Website says out of stock, but maybe call and inquire.


----------



## soc_monki (Sep 20, 2014)

I use a Klein that my boss got me after my Greenlee took a dive into a vat of sulfuric acid. It works, the Greenlee worked as well. If the magnets stick and the level is reasonably accurate I'm happy. I do think the price of the Klein is a bit over inflated... I wouldn't buy it on my own, there are cheaper ones that do the job as well.


----------



## splatz (May 23, 2015)

I have the one in the OP, bought it just before Ideal came out with this one 

https://www.amazon.com/Ideal-35-207-Electrician-Level-Magnetic/dp/B000JIMHJK 










I really like the way that thumbscrew doesn't stick out.


----------



## sburton224 (Feb 28, 2013)

I like the Ideal levels as well.
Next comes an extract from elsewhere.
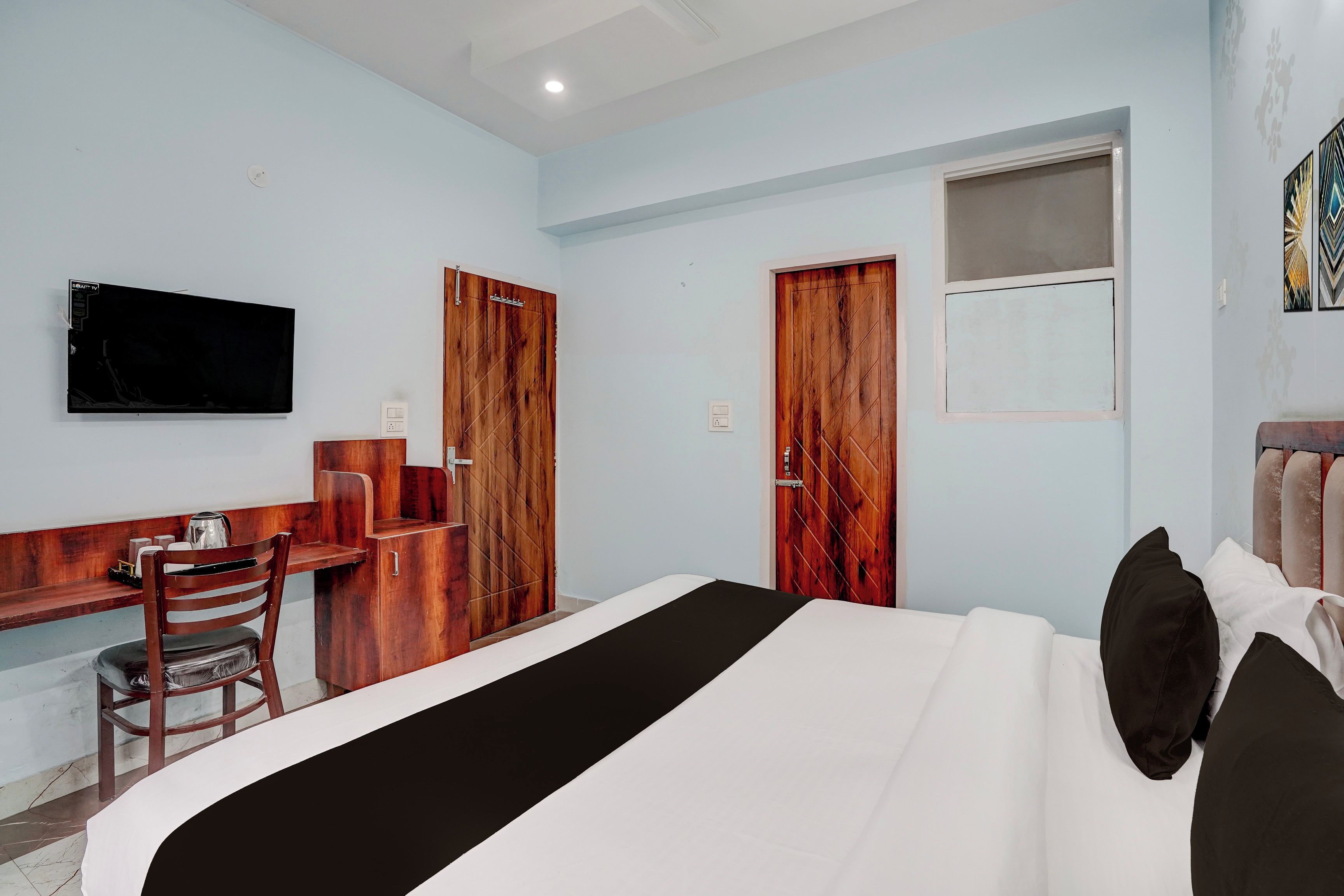 Una habitación de hotel con cama, escritorio, silla y televisor.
There is another model that includes a 22.5° vial. https://www.amazon.com/Ideal-35-208-Torpedo-Level-Vials/dp/B01NA9NB8S/ref=sr_1_2?s=industrial&ie=UTF8&qid=1539921317&sr=1-2&keywords=Ideal+level
It is a bit pricey though. Its hard to find torpeodo levels with the 5th vial of 22.5°. Nice to have for conduit bending. Checkpoint used to make the Mega Mag G3 that was pretty compact at less than 6" long and contained 5 vials.


----------



## KnightPower (Nov 5, 2016)

Use same as OP it fits well in my Occidental pocket pouch.


----------